I know that feeling too. 

So acute are the personal portraits that the father of modern
California wine Robert Mondavi must be regretting agreeing to
see, nay lavishly entertain, Osborne. American wine guru
Robert Parker must be relieved that he did not even respond to
Osborne's initial overtures. Osborne has quite enough fun with
him without even a confirmed sighting.

Quite different in tone is William Echikson's Noble Rot - A
Bordeaux Wine Revolution
. As one might expect of the Brussels
bureau chief for Dow Jones newswires, this is a dutifully
journalistic account of one of the most obvious stories in
wine of recent years, the rivalry between the old and new
guards in the world's most significant fine wine region.
Echikson is unquestioningly reverential towards Parker,
inevitably a key figure in the current battle between
classicism and modernism in Bordeaux wine styles.

Where Osborne's book is multi-coloured and multi-layered, rich
with cultural allusion, Echikson's is black and white.

Old money?

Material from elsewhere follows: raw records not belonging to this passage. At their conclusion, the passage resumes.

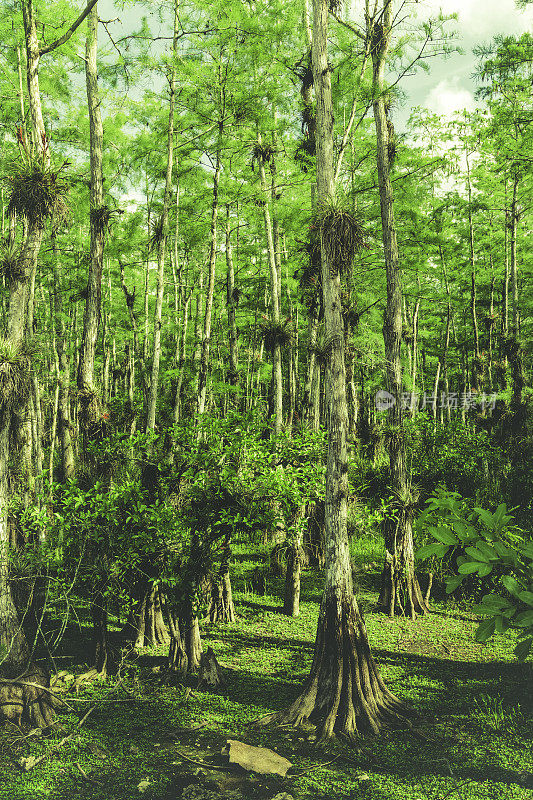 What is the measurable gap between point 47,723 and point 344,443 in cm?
434

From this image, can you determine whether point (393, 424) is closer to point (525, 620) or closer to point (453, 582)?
point (453, 582)

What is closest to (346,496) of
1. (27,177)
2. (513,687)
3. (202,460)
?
(202,460)

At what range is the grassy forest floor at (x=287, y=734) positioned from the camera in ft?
15.0

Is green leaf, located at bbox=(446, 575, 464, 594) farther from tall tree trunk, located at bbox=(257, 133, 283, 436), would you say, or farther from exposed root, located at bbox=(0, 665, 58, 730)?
tall tree trunk, located at bbox=(257, 133, 283, 436)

Boo.

New BMWs (and there are seem to be lots of them in this book)?

The British? Boo.

Alain Raynaud of Ch Quinault L'Enclos (who lent Echikson and
family a house while he was researching this book)? Hooray!

Everyone with a history is a 'mandarin'. And so on.

I would recommend Noble Rot to any close follower of the
Bordeaux wine scene for what is revealed, sometimes perhaps
unwittingly, about the long-standing alliances and motivations
among some of the characters in this occasionally unedifying

And I would recommend The Accidental Connoisseur to anyone who
will forgive the odd mis-spelling in order to savour a
rollicking ride through wine country.

The Accidental Connoisseur by Lawrence Osborne, North Point
Press (US)
Noble Rot by William Echikson, W W Norton (US)
The Ripening Sun by Patricia Atkinson, Century (UK)
Virgile's Vineyard by Patrick Moon, John Murray (UK)
Catching Fireflies by Tony Rocca, Century (UK)

Kent Lewis, Washington DC adds:

 I can recommend The Vintner's Luck by NZ author Elizabeth Knox.  A lovely book for anyone, whether interested in wine or not.  It made a great read while travelling in NZ, but our non-wine friends here in the US have enjoyed it equally.


I read that too and, while I admired it and was very grateful for any normal book with the word 'vintner' in the title, I found it illustrated how little imagination I have - or rather how relatively intolerent of fantasy I am. My fault not E Knox's.